21 May 2023 |
The Potomac Conference of Seventh-day Adventists has released a video statement (dated 17 May) about LGBTQ people, in response to “some things you may have read on social media.” President Elder Charles A. Tapp delivered the statement, with his team of officers standing with him.
The conference requested that the statement be shown in every church on a Sabbath. A transcript of Elder Tapp’s statement:
As a Seventh-day Adventist Christian organization, we here at the Potomac Conference believe that Scripture is both our foundation and our guide. With this in mind, we must be clear-minded in the reality of the flock that Christ has given us to shepherd.
The LGBTQ+ community is a population that exists within the conference and the world. They are our members, our neighbors, our friends, and our family. They are our loved ones. While we cannot agree with or endorse individual choices or lifestyles, we also cannot promote individual or political agendas. As we have in the past, we will follow the teachings of Jesus Christ to ensure that we are demonstrating his love to everyone.
Brothers and sisters: showing Christlike love to everyone doesn’t mean we condone their behavior, and most importantly, it does not mean that we condemn the person either. And if we are truly serious about moving beyond the walls as Christians, we must be willing to take a few moments to stop, to just listen—to everyone. Author Ralph Nichols, an expert in the field of listening, says, “The most basic of all human needs is the need to understand and be understood. The best way to understand people,” he says, “is to listen to them.”

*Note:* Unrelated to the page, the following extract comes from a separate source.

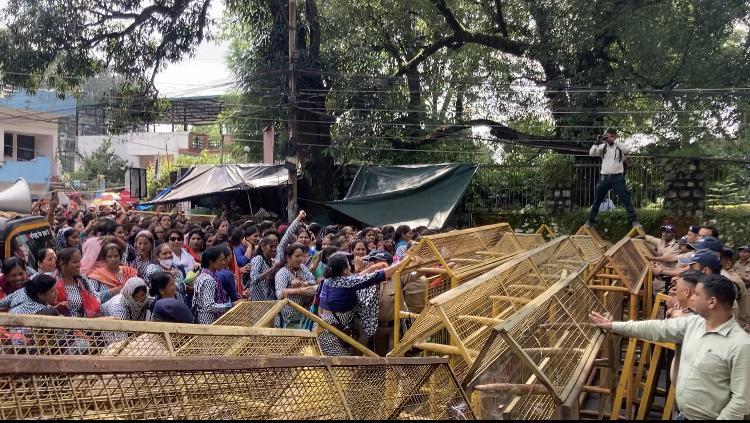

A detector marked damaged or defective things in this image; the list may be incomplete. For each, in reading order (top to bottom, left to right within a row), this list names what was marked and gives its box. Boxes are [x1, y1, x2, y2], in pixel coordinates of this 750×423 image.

Acknowledging where we are in the final hours of earth’s history, we are committed to hold strong to our faith, while remaining steadfast not only in what we believe, but most of all, in Whom we believe. May God bless us richly as we strive to do both.
AT asked Floyd Pönitz, president of SDA Kinship International, to respond. Floyd writes,
I thank Elder Tapp and his team for this gracious video. Elder Tapp got to about 80% of the goal. He is correct that the LGBTQ community is all around us and part of the church. I am grateful for him encouraging church members to listen and understand us rather than condemn us.
Yet the missing 20% is very important. I wish Elder Tapp had understood that “lifestyle” is a loaded term: just because someone is LGBTQ doesn’t mean he or she is any more immoral in everyday life than heterosexual people. Yet this term, with its unfortunate implications, comes up whenever people address the presence of LGBTQ people among us. Perhaps Elder Tapp could ask an LGBTQ person why so many of us find “lifestyle” applied to us to be so offensive.
I also wish he’d acquaint himself with some excellent theological studies showing that committed LGBTQ relationships aren’t incompatible with biblical teachings. Until church leaders at least attempt to understand this, their message of acceptance is going to be hard for us to accept.
Still, I hope that his concluding admonition, to listen and to understand us better, is widely practiced. I encourage him to do some personal active listening with LGBTQ Adventists in the Potomac Conference, and that his doing so will be an example for conferences throughout the NAD.